As discussed in a previous Latham & Watkins Client Alert, the Trump Administration's high-level tax plan released on April 26, 2017, proposed reducing the top corporate tax rate from 35% to 15% and taxing income earned via pass-through entities at 15% rather than at ordinary income rates. The June 2016 House Ways & Means Committee Tax Reform Blueprint (the Blueprint) called for a 20% corporate rate and a special 25% rate applicable to pass-throughs' active business income.

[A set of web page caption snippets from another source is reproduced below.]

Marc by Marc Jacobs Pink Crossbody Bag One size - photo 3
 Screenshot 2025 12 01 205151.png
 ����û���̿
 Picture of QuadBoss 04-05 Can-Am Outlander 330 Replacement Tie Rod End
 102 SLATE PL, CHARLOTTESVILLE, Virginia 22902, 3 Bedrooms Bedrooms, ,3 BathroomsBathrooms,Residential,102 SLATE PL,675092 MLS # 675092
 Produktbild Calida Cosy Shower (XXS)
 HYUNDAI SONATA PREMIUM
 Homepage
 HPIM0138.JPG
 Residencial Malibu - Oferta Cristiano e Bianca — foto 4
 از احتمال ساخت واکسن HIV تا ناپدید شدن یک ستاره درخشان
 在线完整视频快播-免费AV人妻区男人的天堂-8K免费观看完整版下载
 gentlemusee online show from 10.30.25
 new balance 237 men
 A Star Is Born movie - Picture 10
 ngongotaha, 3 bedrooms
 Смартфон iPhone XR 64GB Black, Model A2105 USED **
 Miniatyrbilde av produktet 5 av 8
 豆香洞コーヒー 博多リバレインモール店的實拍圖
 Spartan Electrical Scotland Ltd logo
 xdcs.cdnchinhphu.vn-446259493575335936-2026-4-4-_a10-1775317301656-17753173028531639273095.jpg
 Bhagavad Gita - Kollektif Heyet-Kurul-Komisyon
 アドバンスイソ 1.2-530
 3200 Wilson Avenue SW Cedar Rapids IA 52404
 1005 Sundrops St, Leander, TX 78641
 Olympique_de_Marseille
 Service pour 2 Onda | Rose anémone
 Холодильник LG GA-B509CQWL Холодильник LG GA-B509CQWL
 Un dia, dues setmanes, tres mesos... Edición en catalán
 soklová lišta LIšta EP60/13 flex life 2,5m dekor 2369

The Joint Statement reflects the Trump Administration's and Congressional leaders' shared goal of reducing tax rates for businesses, both large and small, but includes no specific proposed rates. Many observers have regarded the goal of rates in the teens as aspirational, and it appears such rate reductions may be a challenge, especially given the Joint Statement's elimination of a border-adjusted tax (BAT), whose proponents expected it to provide the key revenue offset to rate reductions as part of a revenue-neutral reform process.

2. Territorial System

As expected, the Joint Statement suggests significant changes in the taxation of the foreign earnings of US multinationals. Indeed, the business community is unlikely to refer to any legislative proposal as real "reform" if such legislation does not include significant changes in this area. Specifically, the Joint Statement calls for a tax "system that encourages American companies to bring back jobs and profits trapped overseas" and that ensures "a level playing field between American and foreign companies and workers." Again, as expected, this language suggests (i) a mandatory one-time (deemed repatriation) tax on the estimated US$2.5 trillion of existing deferred overseas earnings accumulated by US multinationals,2 and (ii) a move toward a territorial system whereby future foreign earnings would be exempt, or at least subjected to significantly lower US tax rates, on a current or deferred basis.3

3. Expensing of Capital Investments

The Joint Statement also calls for "unprecedented capital expensing" Even if this language does not mean full and immediate deductibility of capital investment, the Joint Statement appears to signal a move to greater expensing than allowed under current law.

4. Revenue Offsets to Rate Reduction Given Removal of BAT 

  • Interest Expense? A revenue offset that may still be on the table is the elimination of, or limitations on, the deductibility of interest expense. Some observers had expected limitations on interest deductibility to offset the revenue anticipated to be lost if full and immediate expensing of capital investment were adopted. The Joint Statement, however, is silent on the deductibility of interest expense.
  • Minimum Tax on Foreign Earnings? One important question is whether the loss of the BAT revenue offset, combined with concerns over possible erosion of the US tax base, in part resulting from a shift to a territorial system, could raise the prospect of a mandatory minimum tax on future foreign earnings, which would be a new component in the recent tax reform debate. The Joint Statement does not discuss a minimum tax, nor have other releases from policymakers discussed such a tax, but the idea might become a topic of discussion. Ironically, it was the Obama Administration that proposed such a concept in its Fiscal Year 2016 budget.


As the Labor Day holiday approaches and passes, observers should see a lot more activity surrounding tax reform, including details from the White House on certain key issues not addressed in the Joint Statement, further hearings in Congress, and specific legislative language from the key committees.